→ **DATA TO USE**:
───
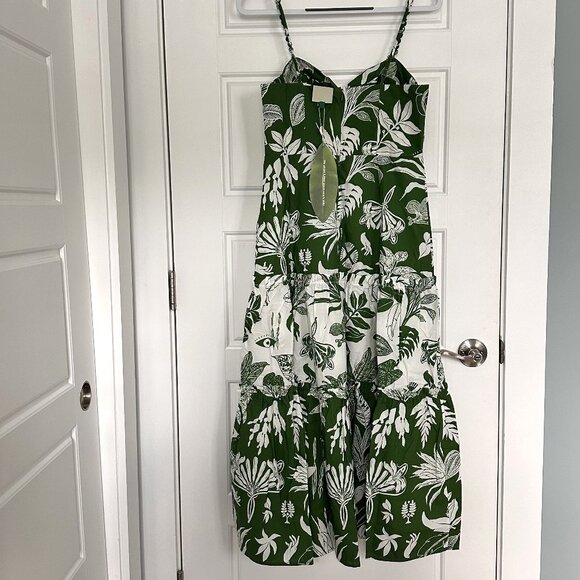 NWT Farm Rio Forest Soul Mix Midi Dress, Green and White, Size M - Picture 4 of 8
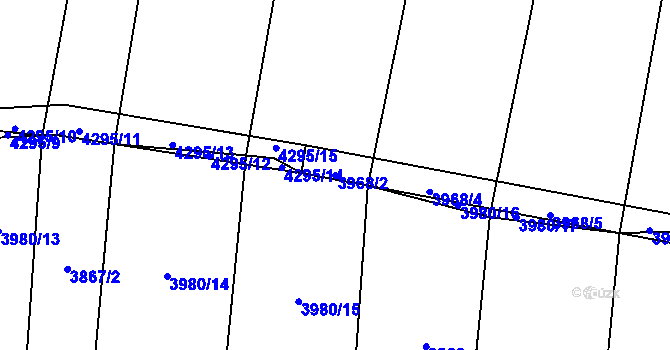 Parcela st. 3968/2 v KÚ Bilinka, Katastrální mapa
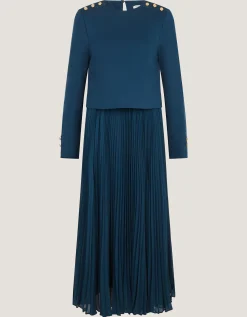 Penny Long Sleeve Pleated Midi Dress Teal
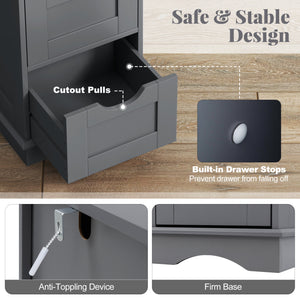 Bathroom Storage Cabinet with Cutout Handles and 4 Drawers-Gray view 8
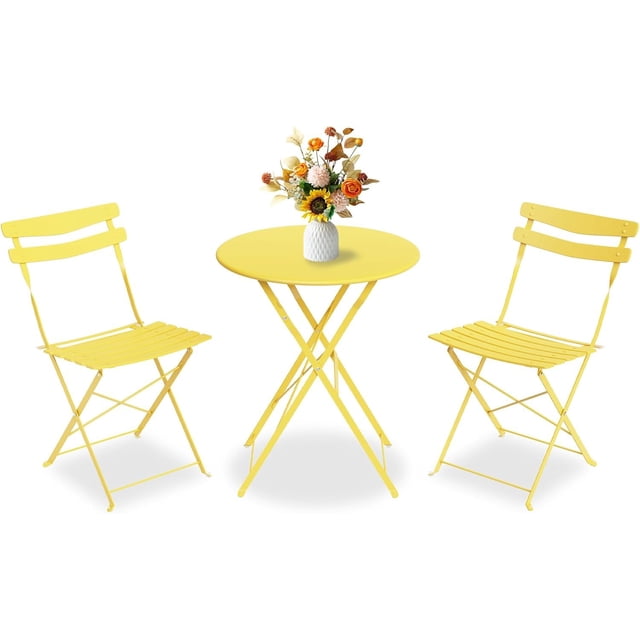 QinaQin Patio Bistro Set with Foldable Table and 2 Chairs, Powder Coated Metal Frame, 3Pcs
───
→ **TASK TO CARRY OUT**:
The images are to be left out; every line above should be set down exactly.

→ **RESPONSE BOX**:
 NWT Farm Rio Forest Soul Mix Midi Dress, Green and White, Size M - Picture 4 of 8
 Parcela st. 3968/2 v KÚ Bilinka, Katastrální mapa
 Penny Long Sleeve Pleated Midi Dress Teal
 Bathroom Storage Cabinet with Cutout Handles and 4 Drawers-Gray view 8
 QinaQin Patio Bistro Set with Foldable Table and 2 Chairs, Powder Coated Metal Frame, 3Pcs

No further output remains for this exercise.